Contingency worst in the institutions that serve first gen and minority students…. reinforcing the class divide between the rich and the rest.
8:35 Claire Goldstene: Henry Kissinger said that academic battles are so fierce because so little is at stake, but in fact, in this case, the stakes are high.
Academic freedom is at stake. Academic freedom is tied to tenure. The majority of faculty don’t have tenure. Thus the majority of univ. faculty are not working under conditions of academic freedom.
Is the univ. about academic inquiry, or is it about lowering costs and increasing revenue/fundraising?

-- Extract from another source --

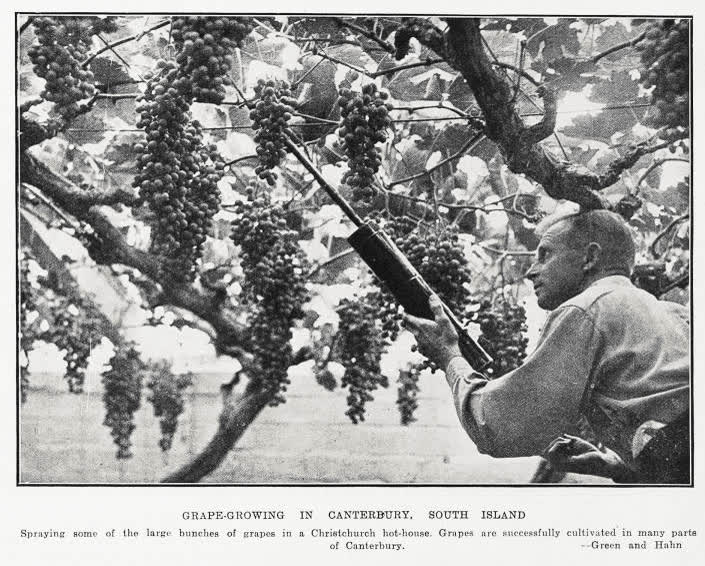 Grape- growing in Canterbury, South Island, 1933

As Naomi Klein said in Shock Doctrine, the current economic “crisis” shields a range of adjustments in higher ed toward a corporatist logic above all else. But the assault on tenure and the crisis of cont. labor is not the last few years! It’s a decades long process.
Privatization of production of knowledge.

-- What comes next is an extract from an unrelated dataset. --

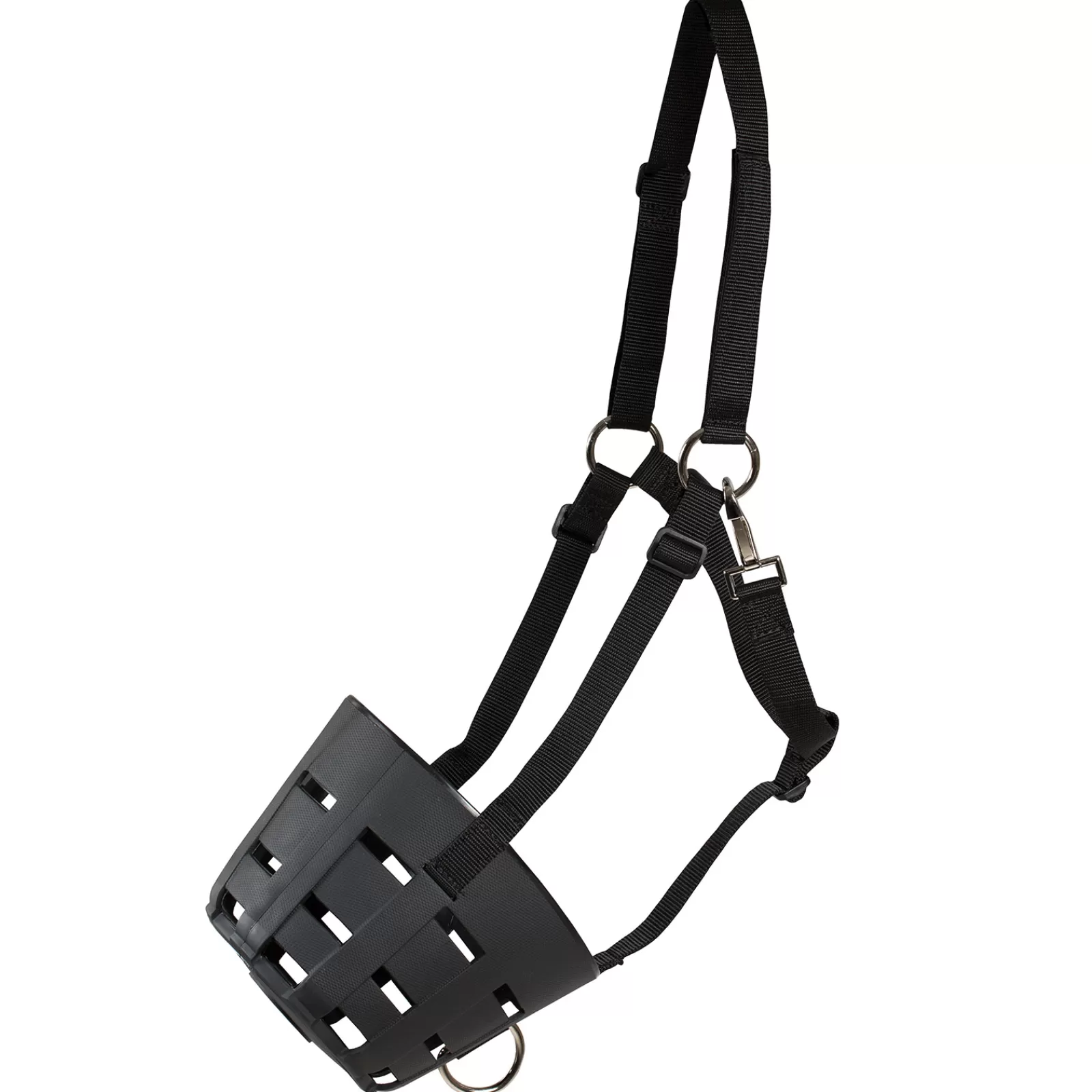 Sale Panier Museliere Museliere Pour Chevaux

Universities under assault from the forces of neoliberalism that have a 40 year long history. The loss of tenure and academic freedom diminish the chance that progressive ideas and resistance to neolib will come from the academy.

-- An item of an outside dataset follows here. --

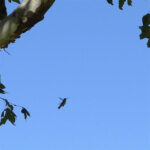 Humming Bird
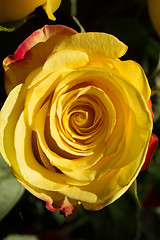 Image showing unwrapped yellow rose on the black background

This is not a NEW crisis–it is a 40 year old history of an assault on progressive ideas as expressed through progressive thought in the university setting.
8:45: Carol Schneider, President of Association of American Colleges and University.
Asks people in univ. leadership in audience to raise their hands….. about 5 hands go up, in a room of 200.
“Not enough!” The crisis on the ground that all of you as adjuncts understand intimately is not even seen as a crisis or seen at all by univ. leadership. Absolutely true. When I was dept head, the needs of adjuncts were not on my radar.
Q and A: 800 lb gorilla in living room is overproduction of Ph.D.s. It is shameful that department after department tries to grow their Ph.D. programs without a thought to the existence of jobs for those Ph.D.s
Gary Rhoads response: Right now colleges are in crisis trying to meet the skyrocketing demand for college ed. The solution is not to dis-invest in faculty and staff, it’s greater investment. Austerity budgets and cutting costs are not the solution; we need MORE full time faculty to meet the demand. (applause)
Panel Two: Promising Practices, Proposed Solutions
Adrianna Kezar: I am on the tenure track but have been on my univ. committee at USC on contingent fac; I’m the only tenure-line faculty who has been, for the past decade.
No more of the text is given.